*** Dataset content

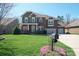 Beautiful brick home with a three-car garage, well-manicured lawn, and charming front porch at 224 Alexandria Dr, Mooresville, NC 28115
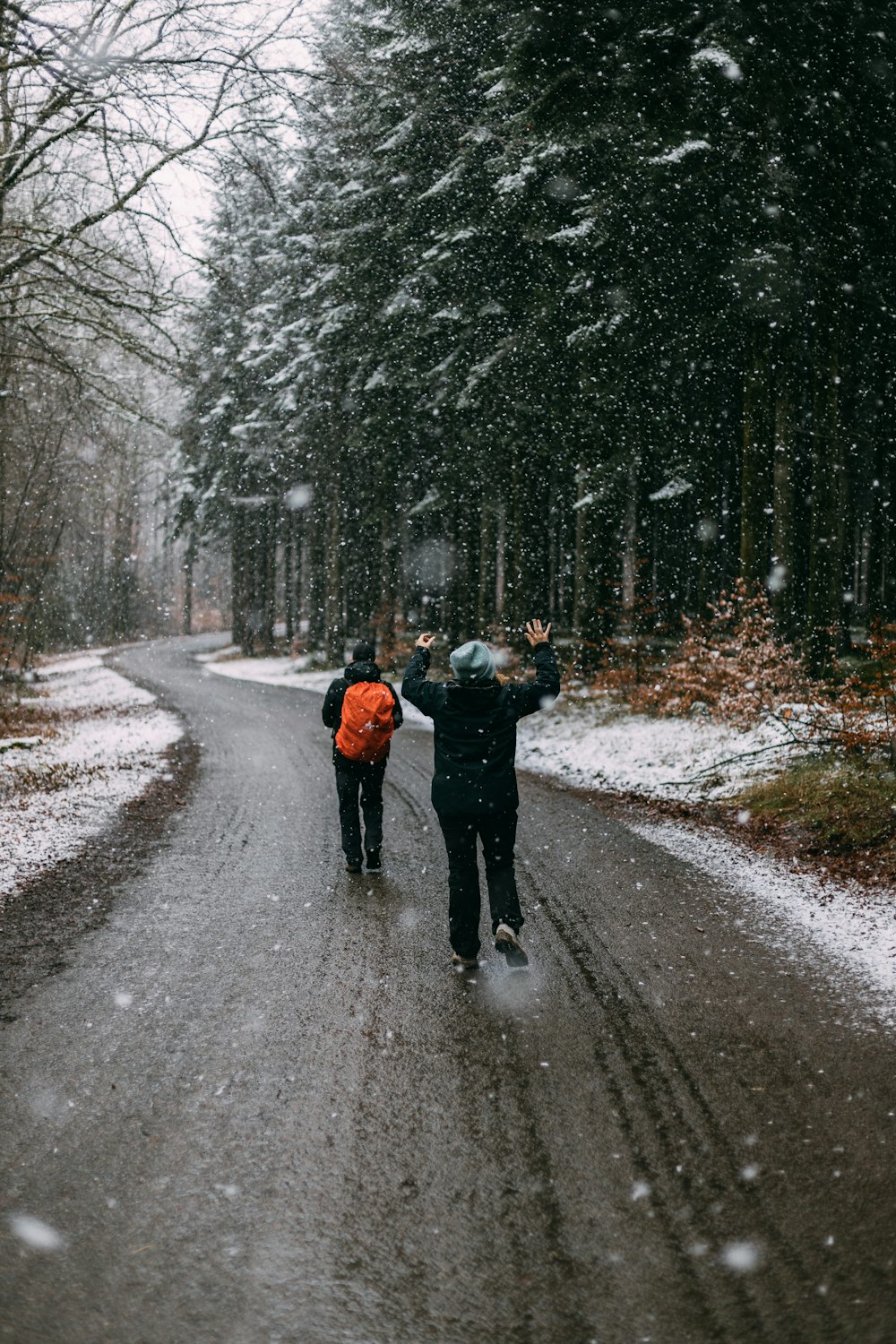 person in black jacket and black pants walking on road during daytime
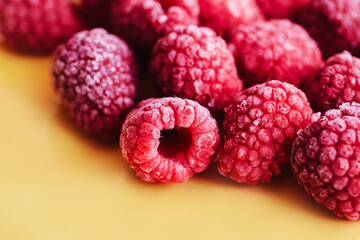 Frozen raspberries background. Closeup fruits on yellow. Vivid vibrant color fruit background. Group of berries.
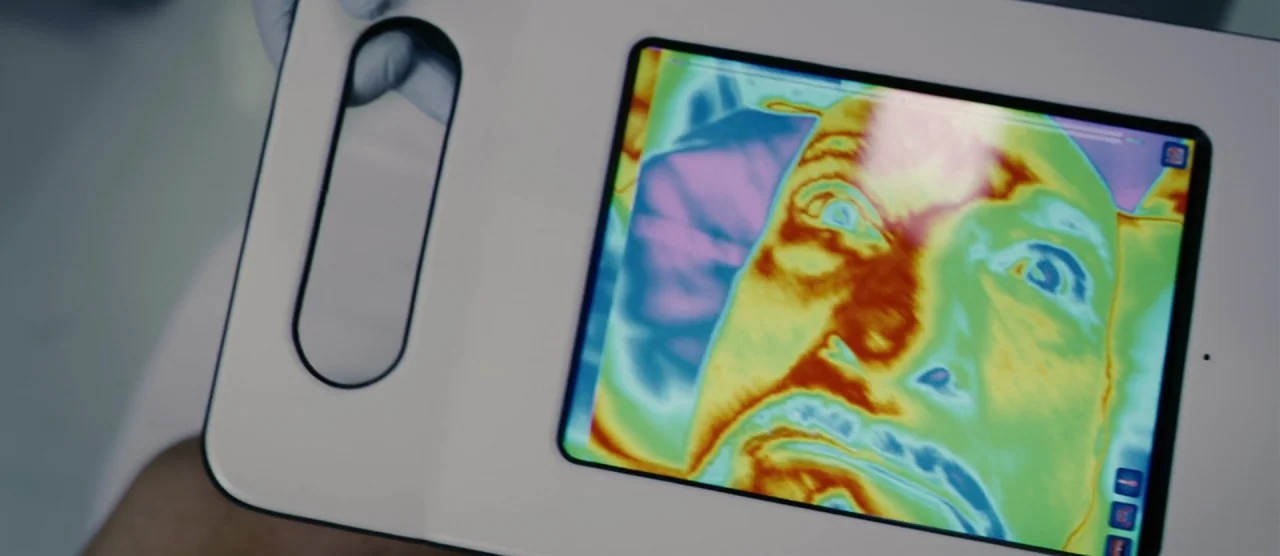Self/less (2015) movie still: closeup — A white handheld diagnostic device displays a thermal imaging scan of a human face. A gloved hand holds the…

******

**Task statement**
Could you repeat the listing above exactly, omitting its pictures?

**Task answer**
 Beautiful brick home with a three-car garage, well-manicured lawn, and charming front porch at 224 Alexandria Dr, Mooresville, NC 28115
 person in black jacket and black pants walking on road during daytime
 Frozen raspberries background. Closeup fruits on yellow. Vivid vibrant color fruit background. Group of berries.
Self/less (2015) movie still: closeup — A white handheld diagnostic device displays a thermal imaging scan of a human face. A gloved hand holds the…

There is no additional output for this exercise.